Insights into diphthamide, key diphtheria toxin effector

Abstract

Diphtheria toxin (DT) inhibits eukaryotic translation elongation factor 2 (eEF2) by ADP-ribosylation in a fashion that requires diphthamide, a modified histidine residue on eEF2. In budding yeast, diphthamide formation involves seven genes, DPH1-DPH7. In an effort to further study diphthamide synthesis and interrelation among the Dph proteins, we found, by expression in E. coli and co-immune precipitation in yeast, that Dph1 and Dph2 interact and that they form a complex with Dph3. Protein-protein interaction mapping shows that Dph1-Dph3 complex formation can be dissected by progressive DPH1 gene truncations. This identifies N- and C-terminal domains on Dph1 that are crucial for diphthamide synthesis, DT action and cytotoxicity of sordarin, another microbial eEF2 inhibitor.

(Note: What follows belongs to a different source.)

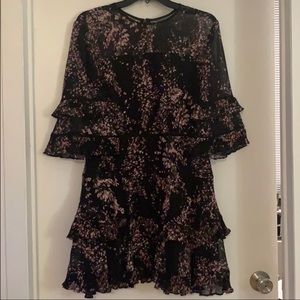❌SOLD❌ Floral black chiffon dress work cocktail Keepsake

Intriguingly, dph1 truncation mutants are sensitive to overexpression of DPH5, the gene necessary to synthesize diphthine from the first diphthamide pathway intermediate produced by Dph1-Dph3. This is in stark contrast to dph6 mutants, which also lack the ability to form diphthamide but are resistant to growth inhibition by excess Dph5 levels. As judged from site-specific mutagenesis, the amidation reaction itself relies on a conserved ATP binding domain in Dph6 that, when altered, blocks diphthamide formation and confers resistance to eEF2 inhibition by sordarin.

Figure 1

Diphthamide synthesis on yeast translation elongation factor 2 (eEF2) and ADP-ribosylation by diphtheria toxin (DT). For details, see text.

Figure 2

(His)₆-tagged Dph1 and Dph2 expressed from E. coli interact with each other in vitro. (A) Anti-(His)₆ Western blot following denaturing conditions (12% SDS-PAGE). (B) Western blot under native conditions (10% native PAGE, 0.5 × TBE).

Figure 3

Use of DT and sordarin as diagnostic tools to map Dph1 regions crucial for Dph2 and Dph3 interaction. (A) Diagram illustrating the N- and C-terminal Dph1 truncation sets (Figure S1) used to study Dph1 function and interaction profiles. (B) DT and sordarin sensitivity assays. Serial cell dilutions of wild-type (wt), DPH1 deletant (dph1Δ) and the strains indicated in panel A were grown in the absence (control) or presence of DT or sordarin. ‘S’ and ‘R’ denote sensitive and resistant traits, respectively. (C, D) Anti-c-Myc co-immune precipitation (IP) assays to study Dph1-Dph2 and Dph1-Dph3 protein-protein interactions. The presence of c-Myc-tagged Dph2 (panel C), Dph3 (panel D), the HA-tagged full-length Dph1 (N, C) and the N- and C-terminal truncation variants of Dph1 in the IPs were monitored by anti-c-Myc and anti-HA Western blots. In addition, the content of full-length and truncated forms of HA-tagged Dph1 was checked by immune blots in the inputs (pre-IP). The positions of Dph2, Dph3 as well as full-length and truncation forms of Dph1 are indicated by arrows.

Figure 4

Overexpression of DPH5 is growth inhibitory to dph1 truncation and deletion mutants. Strains with the indicated genetic backgrounds (see Figure 3) and maintaining plasmid pGAL-DPH5 for galactose inducible overexpression of Dph5 were serially diluted and spotted onto glucose (2% glc) and galactose (2% gal) media to assay their response to DPH5 overexpression. Unaltered tolerance (T) and sensitive (S) responses are indicated.

Figure 5

DPH6 mutagenesis identifies domains in Dph6 that are essential for its function in sordarin sensitivity and dipthamide synthesis. (A) Diagram showing the DPH6 wild-type and mutant constructs tested in (B), indicating the Alpha_ANH_like_IV (ANH_IV: red) and YjgF-YER057c-UK114 (UK114: blue) domains and the position of point mutations. (B) Ten-fold serial cell dilutions of a dph6Δ deletion strain carrying the constructs shown in (A) or the corresponding empty vector pSU6 were grown onto plates with or without sordarin. ‘S’ and ‘R’ denote sensitive and resistant traits, respectively.